Zu den neuen Namen zählt auch die aus Kronstadt stammende Elise Wilk. Als Teilnehmerin am internationalen Autorenprojekt "Fabulamundi, Playwriting Europe" schrieb sie Die grüne Katze (Pisica verde), die von den Mühen des Erwachsenwerdens erzählt und dabei lakonisch und nahezu beiläufig einen Mord unter Teenagern rekonstruiert. Das schon in zahlreiche Sprachen übersetzte Stück wurde von Studenten der Nationalen Theater- und Filmakademie Bukarest unter der Regie von Cristi Juncu auf der Bühne umgesetzt. Ein großzügiges Rahmenprogramm aus Konzerten und Buchpräsentationen, der Endphase des nationalen Dramatikwettbewerbs, sowie einer Jubiläumsausstellung, gewidmet dem berühmten rumänischen Maler und Bühnenbildner George Löwendal, unterstrich das Potenzial des Festivals als "Schaufenster der rumänischen Dramatik".

Facettenreiches europäisches Programm

   Mit FEST, als Bindeglied zum europäischen Theater, begann schließlich der zweite Teil der Festspiele. Ein vielschichtiges und breit gefächertes Programm bot für jeden Geschmack das Richtige. Weit über den Köpfen der Zuschauer entfaltete sich etwa die von der spanischen Gruppe Puja! frei nach Alice im Wunderland erzählte Geschichte Do Do Land, in der der exotische, flugunfähige Dodo-Vogel im Vordergrund stand. Schattenspiele an den Wänden des Nationaltheaters, Akrobatikshows über den Dächern von Temeswar sowie eine Live-Band mitten auf dem Theaterplatz sorgten für große Begeisterung und hinterließen einen unvergesslichen Eindruck.

Ein Tanztheater besonderer Art lieferte am darauffolgenden Tag die ebenfalls aus Spanien angereiste Gruppe SenZa TemPo. Blitzartig wurde der Kran, der die Akrobaten am Vortag in der Luft schweben ließ, abmontiert und stattdessen ein aufblasbares Schwimmbecken, das nicht weniger als 7.000 Liter verschlang, montiert. "Das Mittelmeer gibt es nicht … Es handelt sich nur um ein innerliches Meer, das von jedem von uns täglich bereist wird und dessen Wasserfarbe die Tiefe unserer Erinnerungen widerspiegelt. Lazurd ist eine Reise durch solche Gewässer. Dabei wird der Weg der vom Aussterben bedrohten Nomadenvölker und deren Exodus auf der Fahrt zu einer besseren Welt verfolgt", sagen die Produzenten.

   Für mich bleibt jedoch Parallel, eine Produktion der GroundFloor Group aus Klausenburg, der absolute Höhepunkt dieses Festivals.
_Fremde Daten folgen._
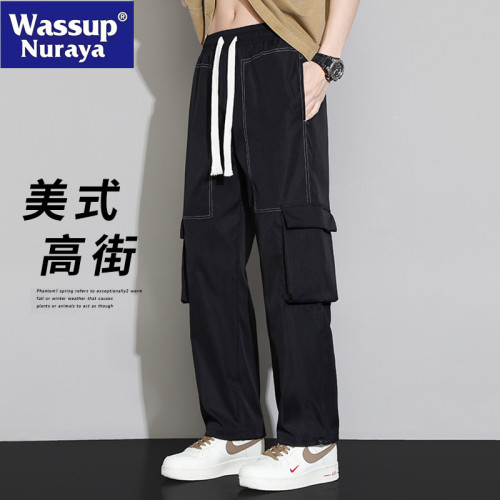 WASSUP NURAYA美式工裝褲男春秋戶外傘兵褲休閒褲寬鬆男褲直筒褲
Ausgehend von den persönlichen Erfahrungen und Vorschlägen der zwei Protagonistinnen wurden große Tabuthemen der rumänischen Gesellschaft direkt angesprochen: die Auseinandersetzung mit dem eigenen Körper, mit der Geschlechtsidentität, mit der lesbischen Liebe und den damit verbundenen Klischees. In einem minimalistischen Bühnenbild boten Lucia Mărneanu und Kata Bodoki-Halmen mit viel Spielfreude und Humor eine einmalige Performance. Was als energiegeladener Aerobic-Tanz begann, endete als Spiel zwischen Frage-Antwort-Stellung und Drag-Show. Einzigartig das Konzept von Ferenc Sinkó, der zusammen mit Leta Popescu auch Regie führte. Eine dynamische, bewegende, nachhaltige Vorstellung. Dass es Standing Ovations gab, ist nicht verwunderlich.